Misstrauen gegenüber Washington? 

Die EU-Exekutive bemühte sich zu betonen, dass ihr "Demokratie-Schutzschild" die Rede- und Meinungsfreiheit nicht unterdrücken werde. Die Botschaft schien nicht nur an EU-Bürger, sondern auch an die Regierung jenseits des Atlantiks gerichtet. Die Trump-Regierung in den USA wettert gegen das Online-Regelwerk der EU. Anfang des Jahres nutzte Vizepräsident JD Vance eine Rede in Paris, um die EU zu kritisieren und zu warnen, dass "Amerika nicht akzeptieren kann und wird", dass ausländische Regierungen "die Schrauben" bei US-Tech-Unternehmen "anziehen". 

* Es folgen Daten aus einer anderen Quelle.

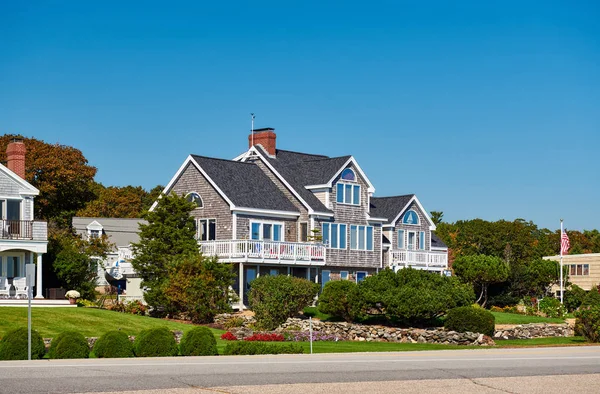 Barrio suburbano. New Hampshire, Estados Unidos . — Foto de Stock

US-Präsident Donald Trump und sein Vize JD Vance monieren die angebliche Einschränkung der Meinungsfreiheit in EuropaBild: Anna Moneymaker/Getty Images

Die neuen Maßnahmen bedeuten keine zusätzlichen rechtlichen Verpflichtungen für Big Tech. Sie fordern Social-Media-Plattformen wie Facebook und TikTok sowie andere Akteure wie Google - die sich freiwillig einem EU-Verhaltenskodex gegen Desinformation angeschlossen haben - jedoch auf, proaktiver mit den Regierungen zusammenzuarbeiten. 

X fällt aus dem Rahmen 

Damit rückte X, ehemals Twitter, erneut ins Rampenlicht. Die Kurznachrichtenplattform hatte sich 2023 nach der Übernahme durch Elon Musk im Jahr 2022 aus allen freiwilligen EU-Maßnahmen zurückgezogen. 

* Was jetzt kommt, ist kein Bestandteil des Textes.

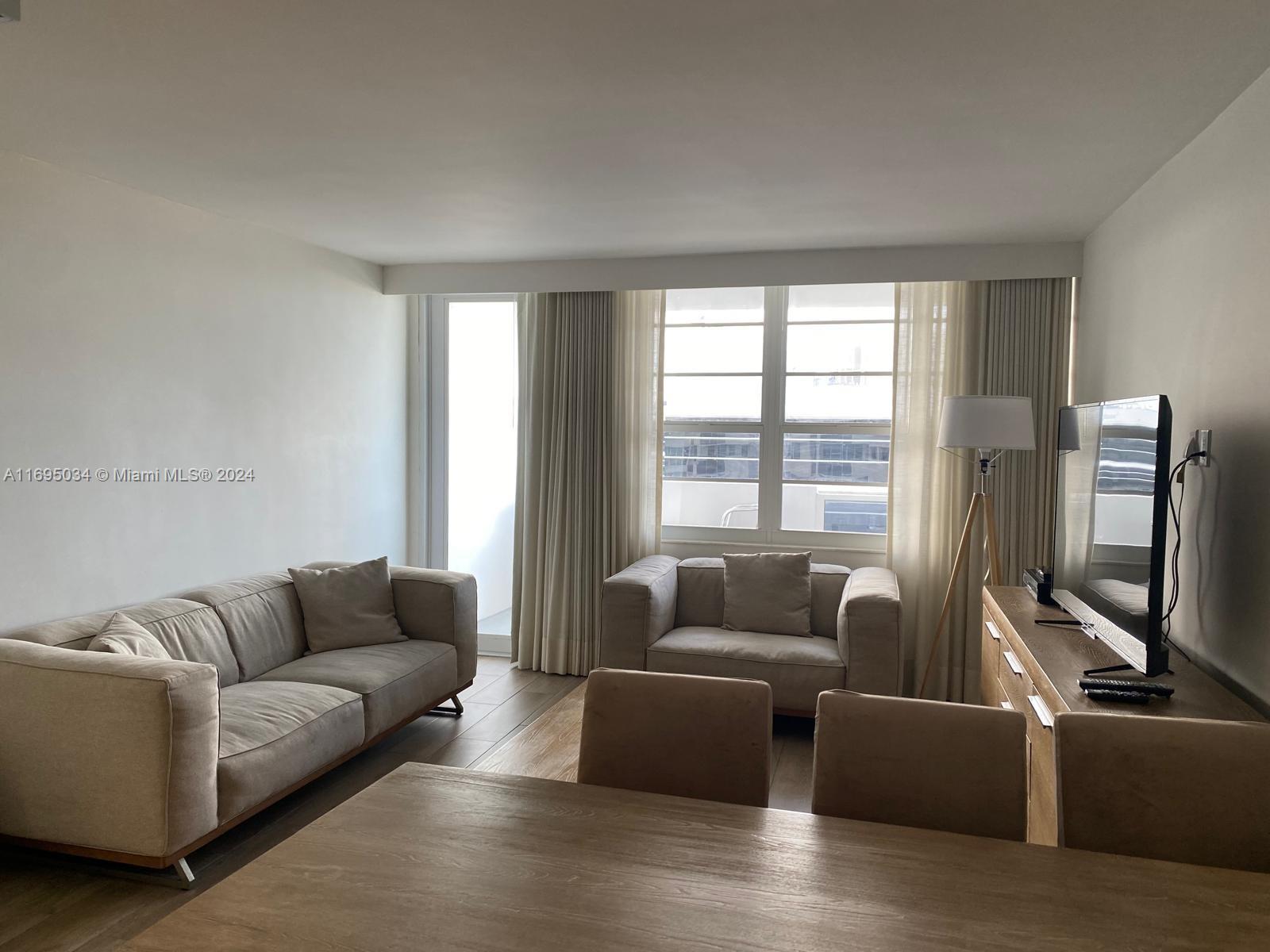 Property for Sale at 100 Lincoln Rd 1429, Miami Beach, Miami-Dade County, Florida - Bedrooms: 2 
Bathrooms: 2  - $1,100,000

Am Mittwoch wies die Europäische Kommission erneut Vorwürfe zurück, sie habe das Ergebnis einer zwei Jahre alten Untersuchung über mutmaßliche Verstöße gegen EU-Recht bei X hinausgezögert, um die Trump-Regierung mit Blick auf deren Zollpolitik und ihre ungewisse Unterstützung für die Ukraine milde zu stimmen: "Die Kommission setzt diese Regeln jeden Tag durch", sagte Virkkunen vor Journalisten. "Wir sind auch in der Lage, einige der Ermittlungen in den kommenden Wochen und Monaten abzuschließen. Die Arbeit schreitet also ständig voran." 

X, ehemals Twitter, steht im Verdacht, EU-Regeln gebrochen zu habenBild: Jaque Silva/NurPhoto/picture alliance

Reporter ohne Grenzen (RSF) ist eine der Organisationen, die die EU aufgefordert haben, die Tech-Maßnahmen in ihrem Plan zum "Demokratie-Schutzschild" zu verschärfen. RSF-Generaldirektor Thibaut Bruttin sagte: "Es ist an der Zeit, die Kontrolle über den Online-Raum zurückzugewinnen und sicherzustellen, dass die Algorithmen von Social-Media-Plattformen und KI-Assistenten so konzipiert werden, dass sie demokratische Garantien aufrechterhalten, indem vertrauenswürdige Nachrichtenquellen gefördert werden."